Latest Landlord News by: Madalena Penny
The Department of Work and Pensions has responded to private rented sector researchers regarding ministers’ incentives to landlords to reduce rents and in return pay housing benefit direct to them rather than the tenant on a temporary basis.
The Government have stated that it is looking at a wide variety of issues relating to benefits and pensions against the background of the spending reviews, and believes that reform is needed in a number of areas, and will make announcements over the next few months as Ministers develop policies to introduce the reform.
The DWP further added that the Government is acting to stop the rapid increase in Housing Benefit expenditure, which they expect to reach £20 billion this year. They stated further that the Government believes rates of Housing Benefit in the private rented sector have increased to unmanageable levels, and many customers are able to enter into rental commitments that people earning a reasonable wage would not consider.

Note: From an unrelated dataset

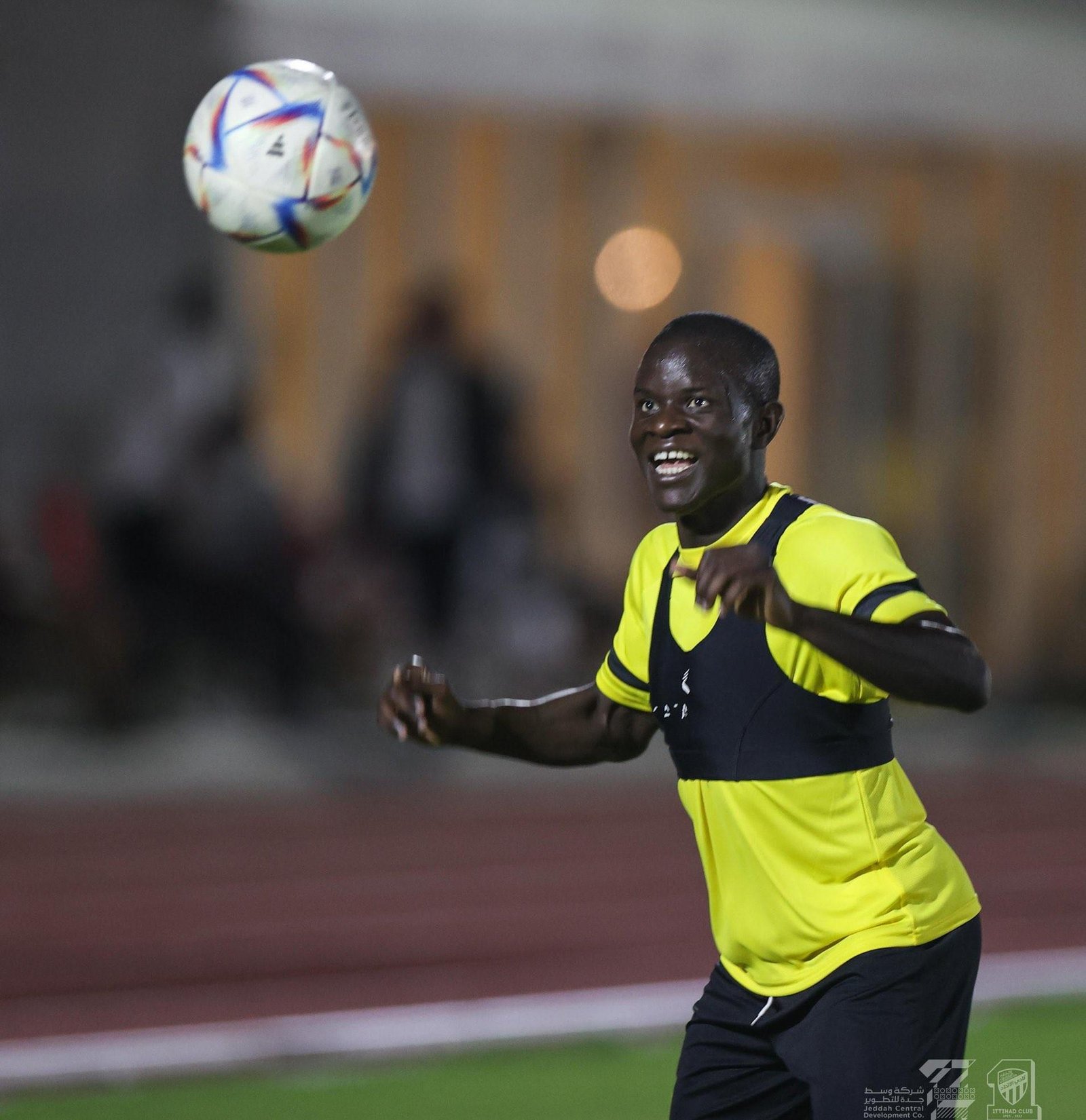 Fenerbahçe culpa o Al-Ittihad pela negociação frustrada com Kanté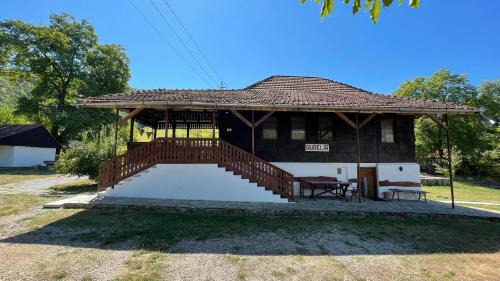 Casa Aurelia in Pietroasa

They did however mention that local authorities can make discretionary housing payments to customers who’s Housing Benefit falls short of their rent. The Government will treble its contribution to their discretionary housing payment budgets to allow local authorities to give additional support where they consider it is needed.

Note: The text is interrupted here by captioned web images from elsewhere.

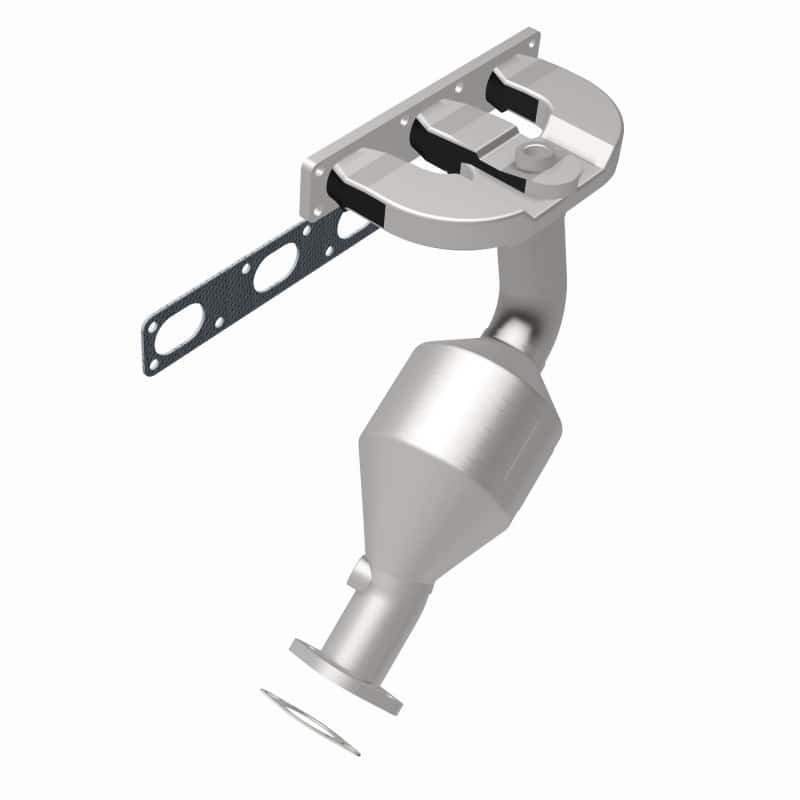 Magnaflow — Magnaflow Conv DF BMW 3 99-00 Rear
California - view 17
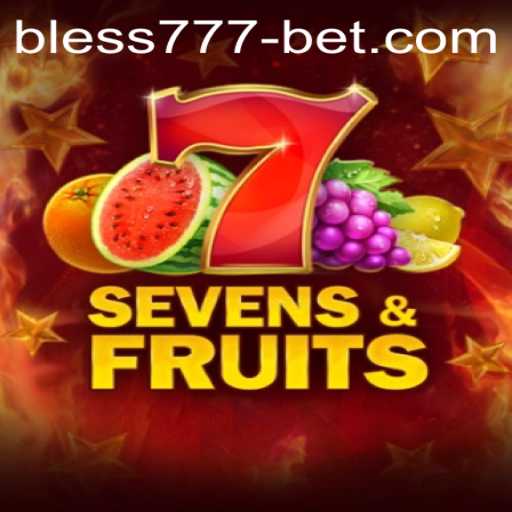 Discover the Excitement of SevensFruits: A Thrilling Casino Adventure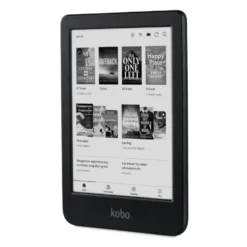 Kobo Clara BW Lesebrett 6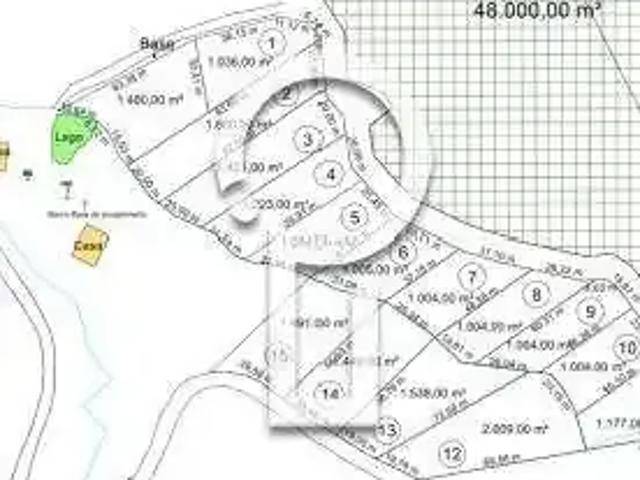 Terreno venda em Região Geográfica Imediata de Valença, Paty do Alferes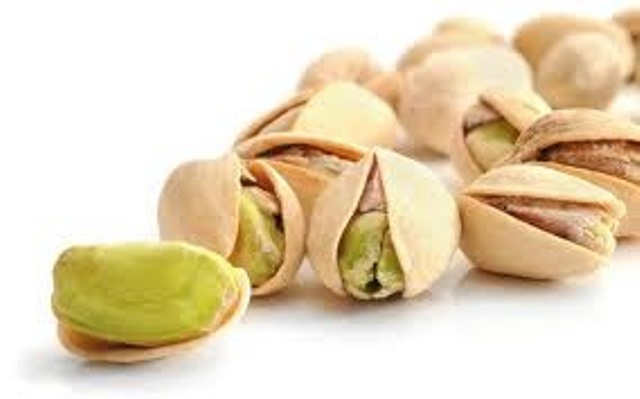 Концентрированная паста Фисташки Paste for Pastry & Ice cream Sauce Pistachio 6*1,25 кг FO Ozmer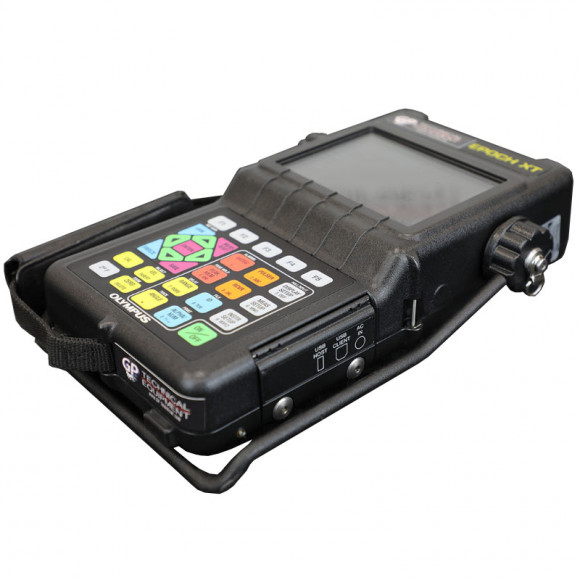 Ультразвуковой дефектоскоп EPOCH XT Ультразвуковой дефектоскоп EPOCH XT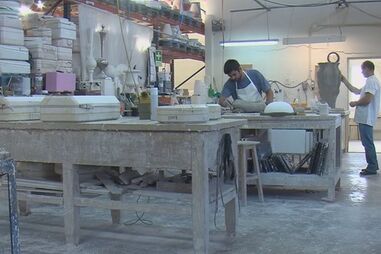 Ttrabalhadores em 'lay-off' 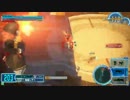 ヒーラーで頑張るガンスリンガーストラトス3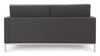Florence - Dark Gray Wool - Image 4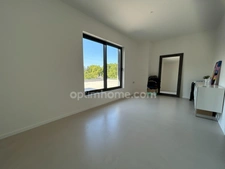 BRUNSTATT, sur les hauteurs, Splendide Villa d'architecte de 190m², 6.50ares, prestation haut de gamme (béton ciré, parquet massif, climatisation, piscine à débordement etc...) Top emplacement!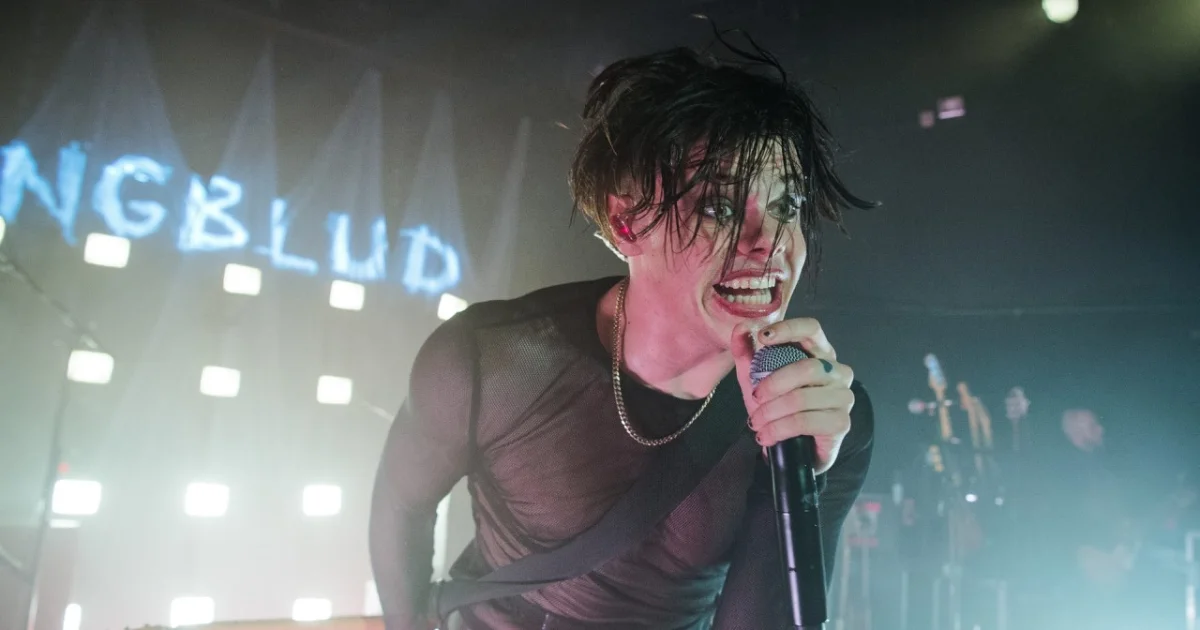 Header Banner YUNGBLUD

Unfortunately they did not explain how the discretionary payments would be spread and if they would be spread equally throughout regions. With demand outstripping supply of rental properties, rents in the private rented sector have risen steadily prompting new investment into the sector.

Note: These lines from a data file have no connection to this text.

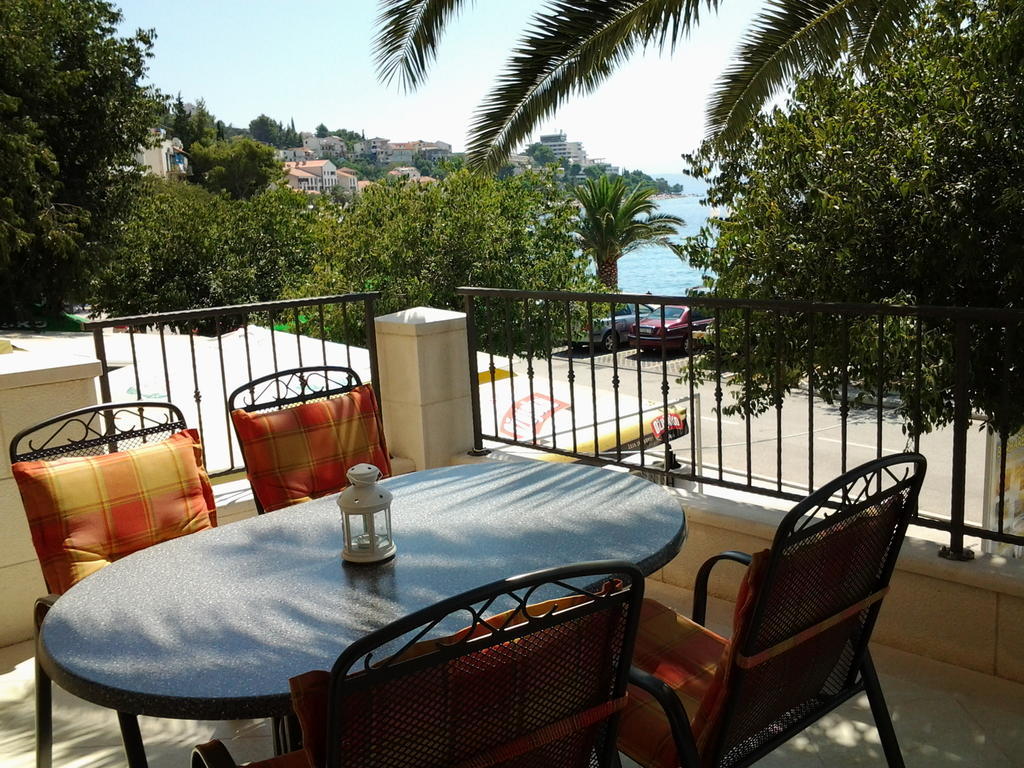 Apartments Lena Podgora Room photo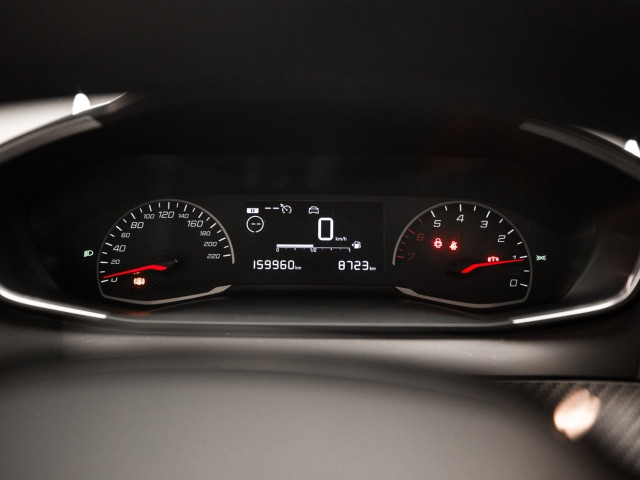 PEUGEOT 208 BlueHDi 73kW 100CV Active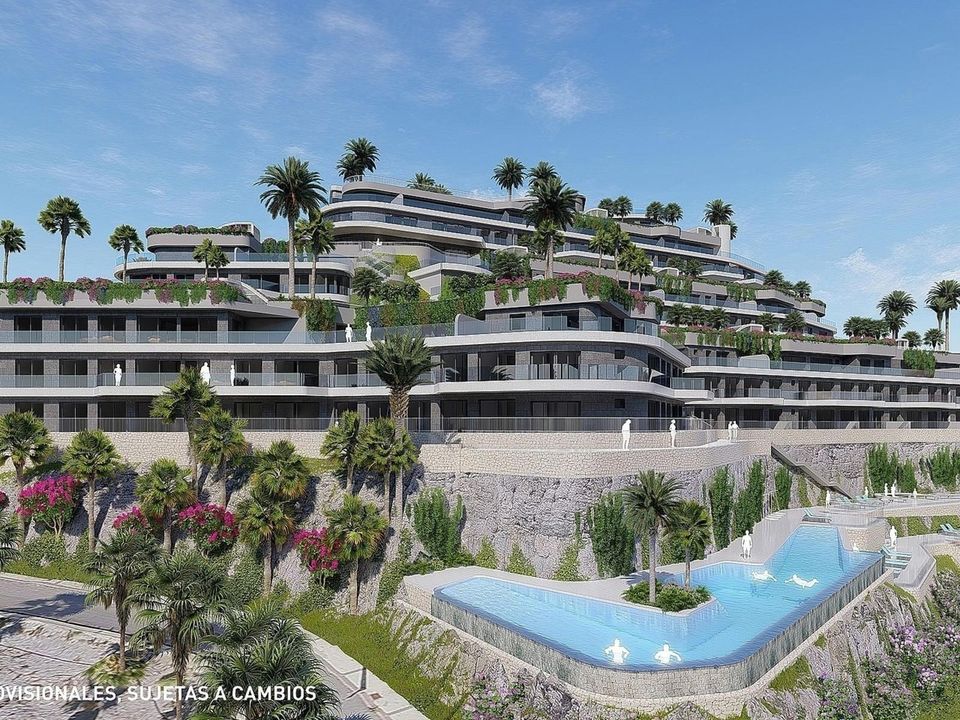 Apartament a Aguilas, Murcia - foto 1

Ministers should be warned however, that pressure to heavily reduce rents could result in deterring such investment in the future. As the unemployment figures are predicted to rise this year, landlords should also take note that subsidizing rents for housing benefit claimants will invite strong criticism from working tenants who do not receive such subsidies and could potentially create a barrier for unemployed recipients of housing benefit to enter into jobs that would make increasing rents unaffordable.
Further consequences could result in BTL properties losing value due to reduction in rents if policy is not implemented correctly, affecting yields. An additional consideration is the effect of rising interest rates further down the line, which could severely hamper landlords who choose to reduce rents.
Ministers are of course addressing issues that will ease the rising housing benefit bill, but landlords should be aware of the long-term ramifications before deciding on accepting incentives.